WHAT YOU SHOULD DO:
Return the line containing "Retractable Hose Reel Wall Mounted (5)" together with every later line up to the end of the records, exactly and with no pictures; return nothing else.

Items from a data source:
=-=-=

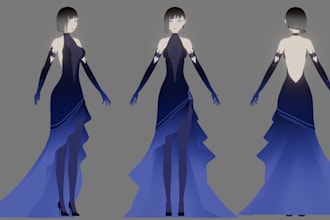 do optimized anime character models for games or animations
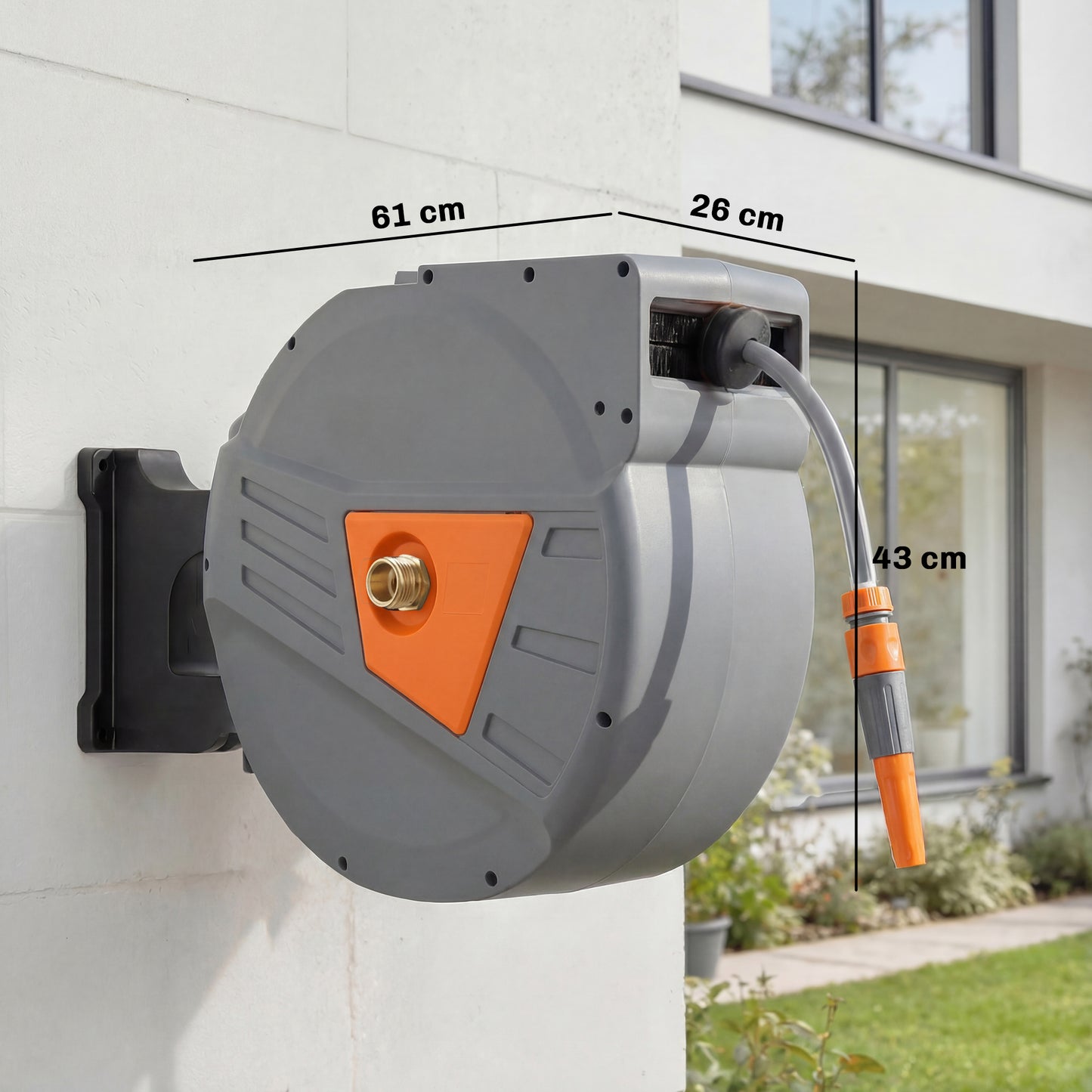 Retractable Hose Reel Wall Mounted (5)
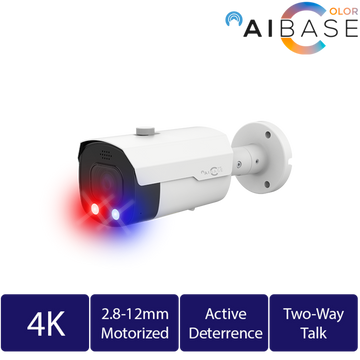4K Active Deterrence Full Color Motorized IP Bullet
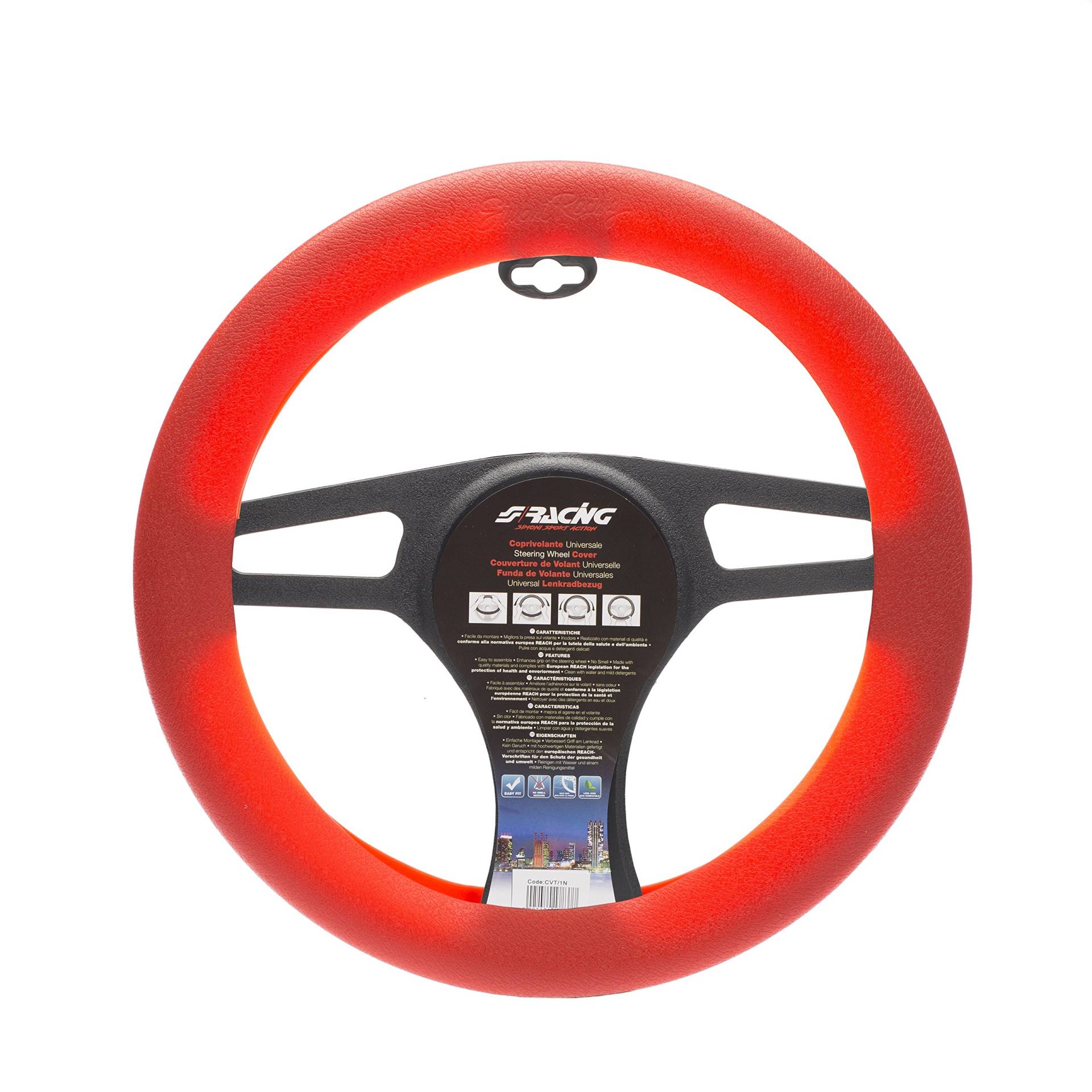 Simoni Racing CVT/33R Universal Lenkrad Taschenbuch, Rot Simoni Racing CVT/33R Universal Lenkrad Taschenbuch, Rot von Simoni Racing
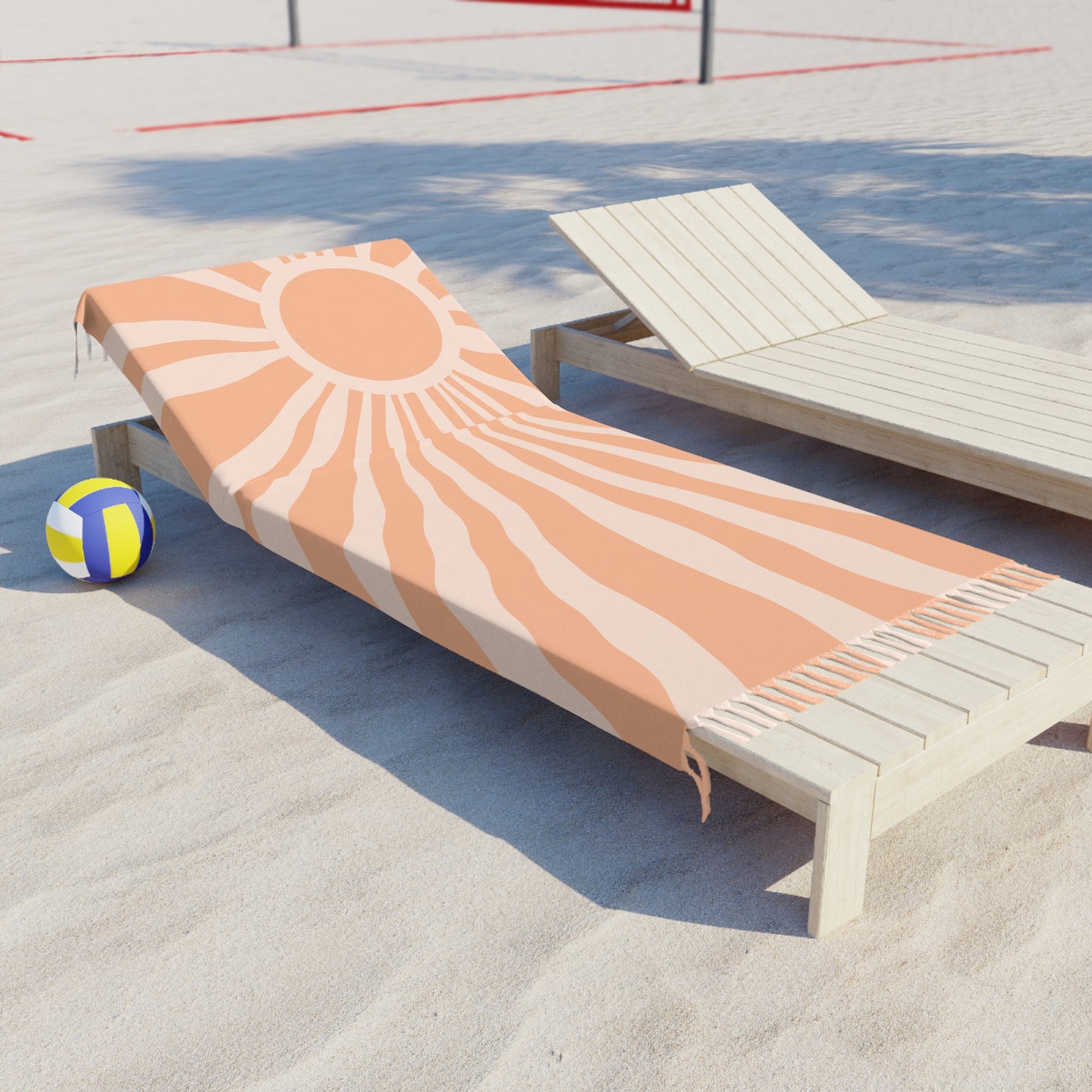 Boho Beach Boulder Cloth - Vintage Rays Design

=-=-=

SOLUTION BELOW:
 Retractable Hose Reel Wall Mounted (5)
4K Active Deterrence Full Color Motorized IP Bullet
 Simoni Racing CVT/33R Universal Lenkrad Taschenbuch, Rot Simoni Racing CVT/33R Universal Lenkrad Taschenbuch, Rot von Simoni Racing
 Boho Beach Boulder Cloth - Vintage Rays Design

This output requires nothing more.